In its partnership with ERI, iFixit has received a wide variety of products, but Wiens was most surprised to receive Chromebooks and Dell laptops, as well as Kindles and GoPro cameras, which continue to do well on iFixit’s online parts store.
Wiens said iFixit representatives sometimes tell ERI they are interested in a certain product or part, and other times ERI will reach out to Wiens after it has received a large shipment of a certain item.
Wiens said he’s pleased with how the program is going, but admits it is challenging at times because of the painstaking process of reverse engineering.
He pointed to GoPro cameras as an example. The brand uses different lens types in different products, so before iFixit can offer repair advice to the general public, Wiens and his stable of technicians must dismantle different cameras and figure out which ones will take a lens that might be recovered.
“I have to pull apart each one and try test parts compatability,” he said. “So there’s been a lot of technical, device-specific learning that has to happen. We have to figure out if the repair is viable ahead of time.” He added that if OEMs were more transparent with their repair and service manuals, repair would become much more streamlined.

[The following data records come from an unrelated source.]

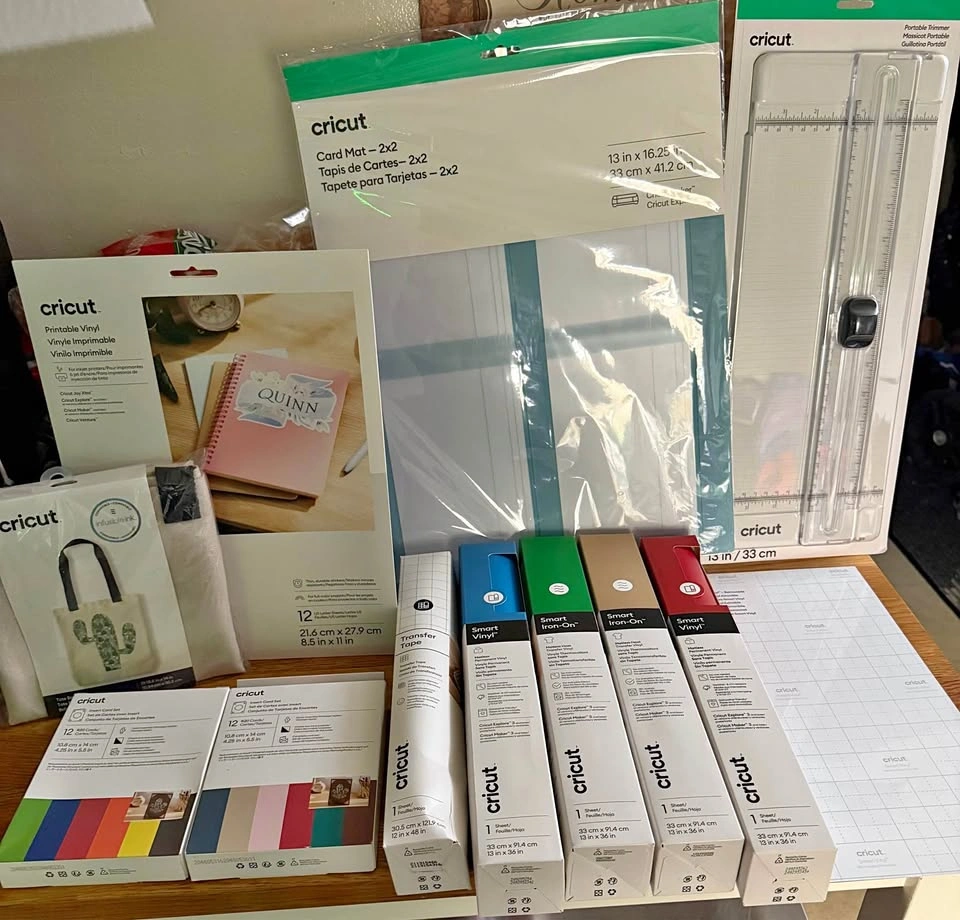 Cricut Crafting Supply Bundle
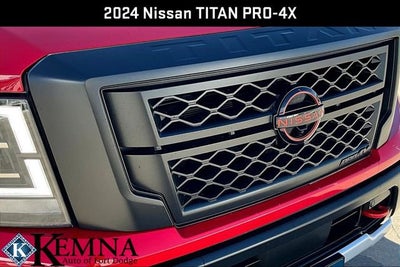 2024 Nissan TITAN Crew Cab PRO-4X 4x4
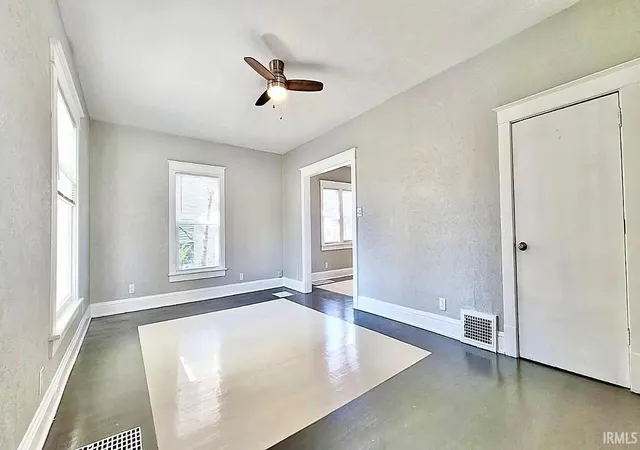 4th image of 2819 Mishawaka Ave, South Bend, IN 46615 | MLS# 202624327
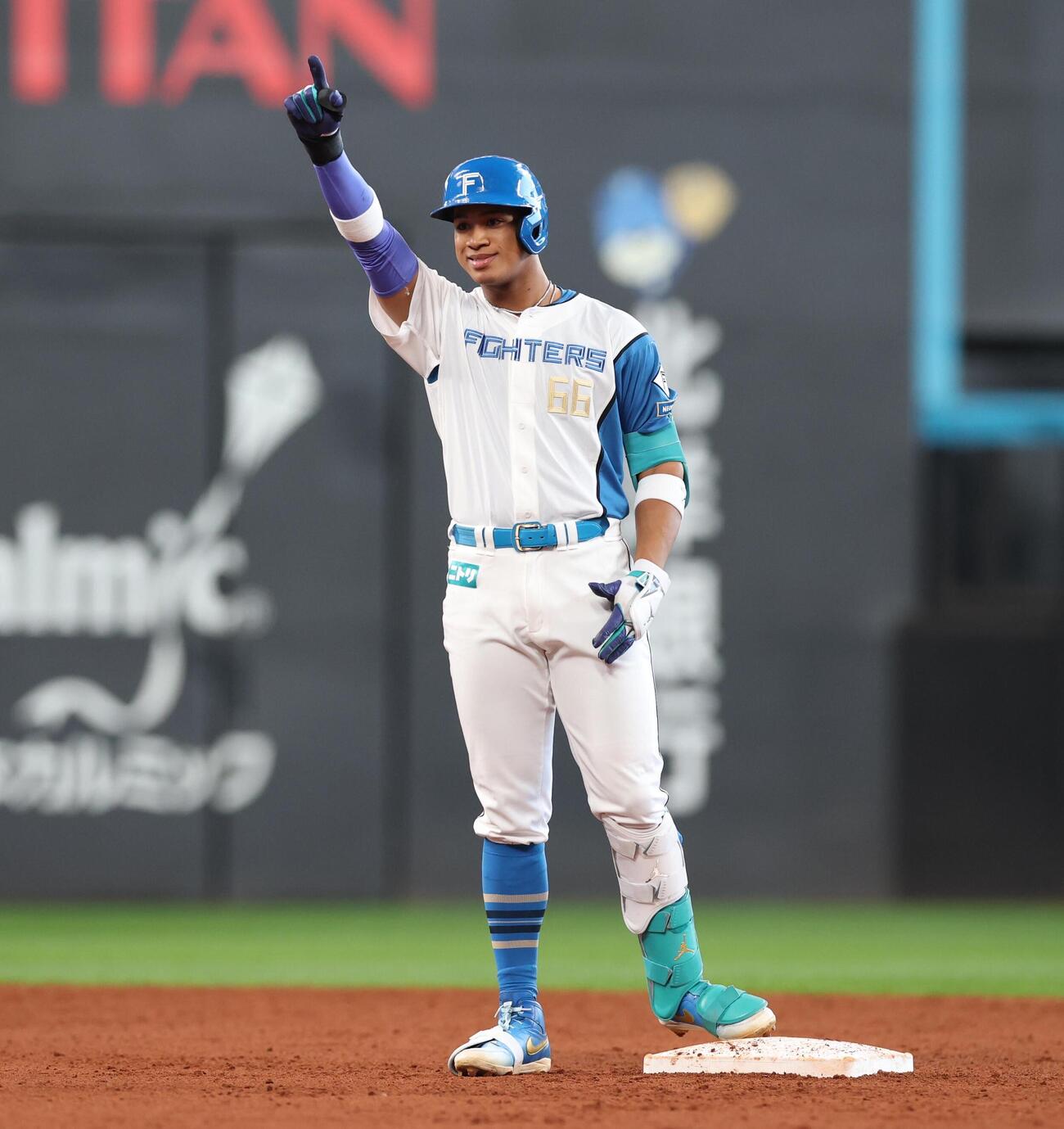 日本ハム対オリックス　7回裏日本ハム1死二塁、適時打を放ちポーズをとる万波中正（撮影・黒川智章）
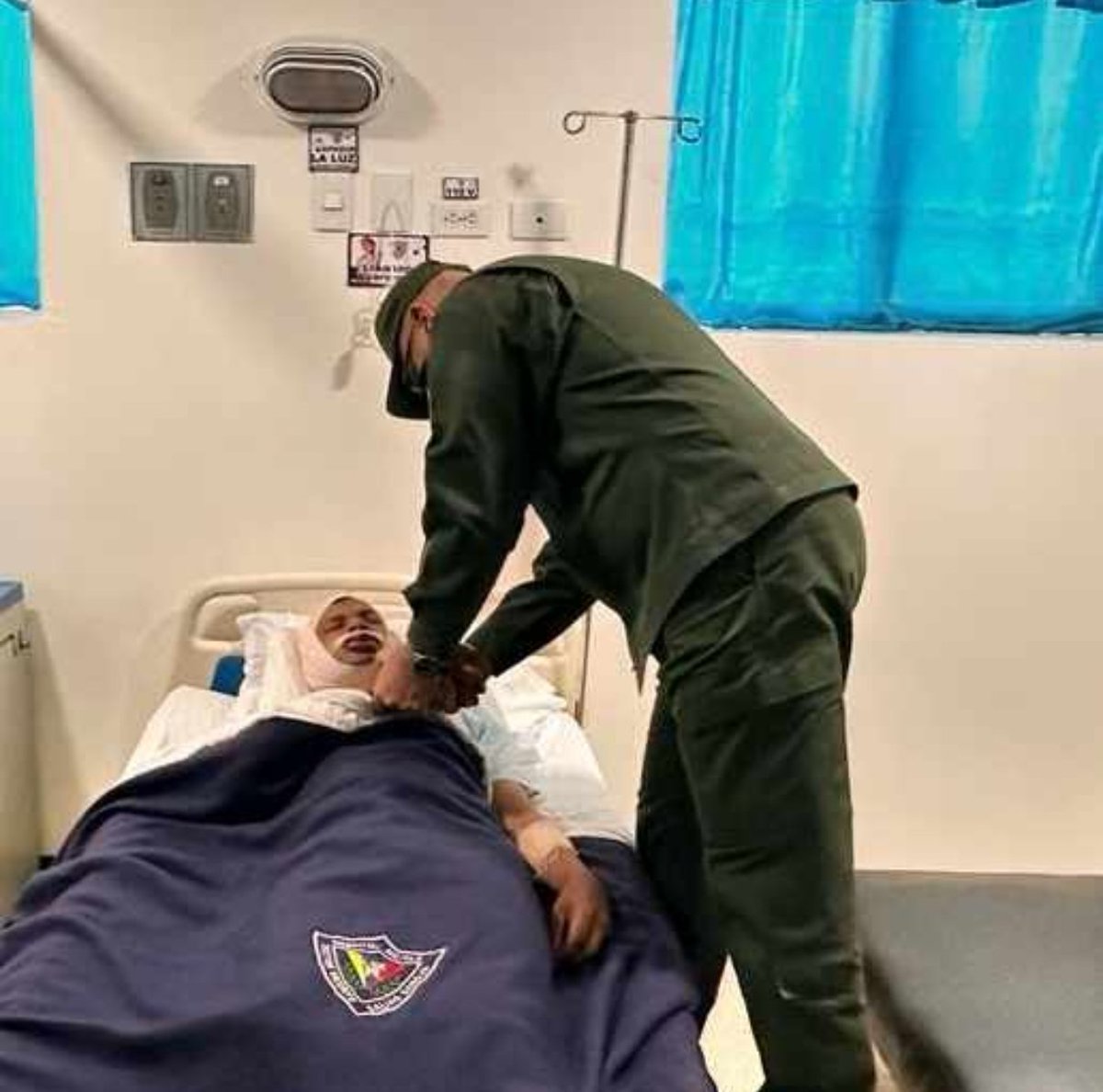 ¡Aquí está la #FANB que seguirá defendiendo la voz del Pueblo venezolano que quiere paz!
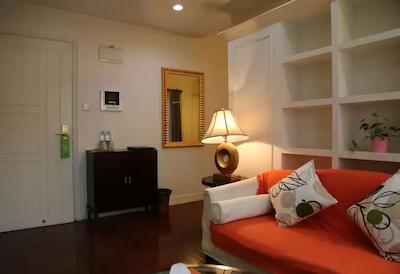 لادل سرویس اپارتمنتس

While the partnership has saved a lot of usable material from the shredder, Wiens stressed it also has not come at the expense of the scrap metal industry.
“These are small components, the actual amount of weight and volume we’re saving isn’t that much,” he said, adding that sometimes all that is saved from a Kindle is the screen and the rest of the device is shredded.
As for ERI, Wiens said salvaging parts and selling them for reuse is the fastest growing and most profitable part of its business.
Tyler Shegerian, assistant director of asset recovery at ERI, backed that up in a session at last week’s E-Scrap 2016 conference, saying asset recovery can get the highest commodity recovery value possible.
Shegerian noted a shredded iPhone brings the company $1.92 while the reuse value is $229. The price differences are similar for laptops and computer towers, he said.